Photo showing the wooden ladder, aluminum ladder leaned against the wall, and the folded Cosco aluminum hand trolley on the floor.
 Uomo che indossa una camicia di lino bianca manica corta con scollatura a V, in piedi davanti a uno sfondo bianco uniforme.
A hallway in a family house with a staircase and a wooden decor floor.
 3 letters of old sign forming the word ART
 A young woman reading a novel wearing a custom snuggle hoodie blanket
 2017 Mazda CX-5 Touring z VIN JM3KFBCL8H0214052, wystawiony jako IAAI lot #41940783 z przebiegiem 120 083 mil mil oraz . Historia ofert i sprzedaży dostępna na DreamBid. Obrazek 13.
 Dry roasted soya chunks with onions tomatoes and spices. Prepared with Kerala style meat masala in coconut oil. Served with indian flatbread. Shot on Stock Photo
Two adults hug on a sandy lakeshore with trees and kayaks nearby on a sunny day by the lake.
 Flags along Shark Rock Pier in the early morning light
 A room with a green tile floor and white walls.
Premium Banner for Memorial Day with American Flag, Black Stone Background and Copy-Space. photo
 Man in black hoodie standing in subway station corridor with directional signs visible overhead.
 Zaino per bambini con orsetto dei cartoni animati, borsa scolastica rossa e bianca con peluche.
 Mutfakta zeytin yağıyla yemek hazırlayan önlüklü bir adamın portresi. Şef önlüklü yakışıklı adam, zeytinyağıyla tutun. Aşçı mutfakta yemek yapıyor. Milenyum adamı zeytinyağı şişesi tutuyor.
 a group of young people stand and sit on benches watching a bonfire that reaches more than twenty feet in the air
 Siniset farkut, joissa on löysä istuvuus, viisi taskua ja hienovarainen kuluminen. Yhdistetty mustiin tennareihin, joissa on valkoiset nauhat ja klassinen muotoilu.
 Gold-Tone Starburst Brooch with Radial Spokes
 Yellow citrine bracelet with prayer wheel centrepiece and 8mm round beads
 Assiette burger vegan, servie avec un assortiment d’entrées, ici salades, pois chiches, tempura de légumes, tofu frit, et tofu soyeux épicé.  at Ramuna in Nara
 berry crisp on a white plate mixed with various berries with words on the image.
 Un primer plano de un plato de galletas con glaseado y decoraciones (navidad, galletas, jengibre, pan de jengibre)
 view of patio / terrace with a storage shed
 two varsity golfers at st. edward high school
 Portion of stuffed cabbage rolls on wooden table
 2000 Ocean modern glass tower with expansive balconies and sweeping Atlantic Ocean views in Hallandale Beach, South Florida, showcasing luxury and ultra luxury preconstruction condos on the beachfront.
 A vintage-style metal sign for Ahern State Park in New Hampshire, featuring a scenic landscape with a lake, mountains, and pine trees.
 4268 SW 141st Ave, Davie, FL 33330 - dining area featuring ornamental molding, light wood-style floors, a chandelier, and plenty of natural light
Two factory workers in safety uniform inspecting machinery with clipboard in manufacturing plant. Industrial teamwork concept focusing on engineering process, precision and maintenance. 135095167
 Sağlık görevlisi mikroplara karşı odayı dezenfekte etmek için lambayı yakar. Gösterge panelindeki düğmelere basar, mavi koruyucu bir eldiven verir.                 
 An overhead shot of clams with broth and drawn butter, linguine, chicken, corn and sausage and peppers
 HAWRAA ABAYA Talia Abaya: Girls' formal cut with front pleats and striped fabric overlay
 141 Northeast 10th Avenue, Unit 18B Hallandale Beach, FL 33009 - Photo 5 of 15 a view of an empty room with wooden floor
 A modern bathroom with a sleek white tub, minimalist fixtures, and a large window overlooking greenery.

━━━━━━━━

_GOAL OF THE EXERCISE:_ In the data above, which lines lie between the line with "Mutfakta zeytin yağıyla" and the line with "a group of young", inclusive? Print those lines exactly and nothing else.

_YOUR SOLUTION:_
 Mutfakta zeytin yağıyla yemek hazırlayan önlüklü bir adamın portresi. Şef önlüklü yakışıklı adam, zeytinyağıyla tutun. Aşçı mutfakta yemek yapıyor. Milenyum adamı zeytinyağı şişesi tutuyor.
 a group of young people stand and sit on benches watching a bonfire that reaches more than twenty feet in the air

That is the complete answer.